Everybody knows the story of Abraham Lincoln: how he grew up in a log cabin, his mother died when he was young, he taught himself to read, he became a backwoods lawyer and then eventually ran for President and won and became one of our greatest presidents and then was assassinated. But most of us know the later half of the story, from the time he debated Stephen Douglas and became our president during the Civil War, and we don’t know very much about what Lincoln was like as a young man, when he was first making his way in the world, establishing himself as a lawyer, meeting and ultimately marrying Mary Todd. Friend to Mr. Lincoln, a new book by Stephen Harrigan, aims to fill in that gap, looking at Lincoln when he was living in Springfield, Illinois, and in the process of becoming the man we know so well. Telling the story through the eyes of some real friends of Lincoln (Joshua Speed, William Herndon) and a fictional one (a poet named Cage Weatherby) allows us to see Lincoln without the eyes of hindsight, to get a glimpse of the sometimes awkward, sometimes charming, amazingly ambitious and always human and fascinating person who became the legendary Abraham Lincoln (for those of us who are doing the 2016 Reading Challenge, this book does count as a “book of historical fiction set before 1900”).

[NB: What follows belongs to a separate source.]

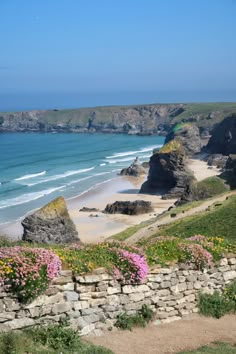 a sandy beach next to the ocean with flowers growing on it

If you enjoyed Life of Pi, you’re in luck: Yann Martel, the author of that book, has come out with a new book, a historical novel called The High Mountains of Portugal. This time, he’s not taking readers on a voyage with a tiger across the Pacific Ocean. Instead, he’s taking us on a trip through time, with three narratives set in one location over the course of fifty years. The first story is set in the beginning of the 20th century, about a man searching for a special crucifix, mentioned in a 17th century diary. He has some idea of where the crucifix might be, in the remote high mountains of Portugal, and he sets off to find it. The second story is set in 1938, decades later, introduces us to a coroner in a remote town in Portugal and his encounter with a strange woman (who turns out to have figured in the earlier story) who wants him to perform an autopsy on her husband. And finally we find ourselves in the 1980’s where a man who’s spent most of his life in Canada suffers a loss that sends him reeling back to the small town in Portugal where he was born, and he, too, encounters the mysterious artifact and is changed by it. This is Yann Martel, so you shouldn’t be expecting ordinary narrative (and you won’t get one here any more than you did in Life of Pi), but if you like his style of magic realism and beautiful prose, you won’t be disappointed in his newest book.
Moving from Portugal over the course of the 20th century to Italy close to the end of World War I, we have Not All Bastards Are From Vienna, a debut novel by Andrea Molesini, which has won the prestigious Campiello Prize in its native Italy. The book tells the story of the invasion of Italy by Austrian troops in 1917, and uses the occupation of one particular villa by Austrian soldiers to examine the depths of horror and inhumanity, as well as the heights of courage, patriotism and loyalty, engendered by the war. The villa is occupied by Paolo, an orphan who lives with his grandparents, his eccentric aunt and the staff, and it is through his eyes that we see both the actions of the occupying soldiers and the resistance fighters who use the area as a base. When Paolo himself gets involved with a dangerous covert operation, he risks his life and the lives of his beloved family, and comes face to face with the worst and the best of what the war brings out in people.
If you’re the sort of person who hears the name The Queen of the Night and immediately thinks of Mozart’s The Magic Flute, then you’re going to love the historical novel, The Queen of the Night, by Alexander Chee. And even if you don’t know much about opera or about 18th century European high culture, you’re still going to be caught up in The Queen of the Night, a book about Liliet Berne, a famous soprano in the Paris Opera, a famous woman with nothing else to wish for except an operatic role written for her, to make her immortal. Then a new opera is offered to her, with a part that sopranos dream of. The only problem is that the story and the character cleave a little too closely to Liliet’s own life, especially the parts she’s been working hard to keep secret for years. Now she has to find out who could possibly have told the mysterious author of the libretto her secrets, and as she looks through her past, we are taken on a trip from the American frontier through the dizzying heights of France’s Second Empire, watching as Liliet goes from orphan to hippodrome rider to courtesan, to maid to the empress, to diva of the Paris Opera.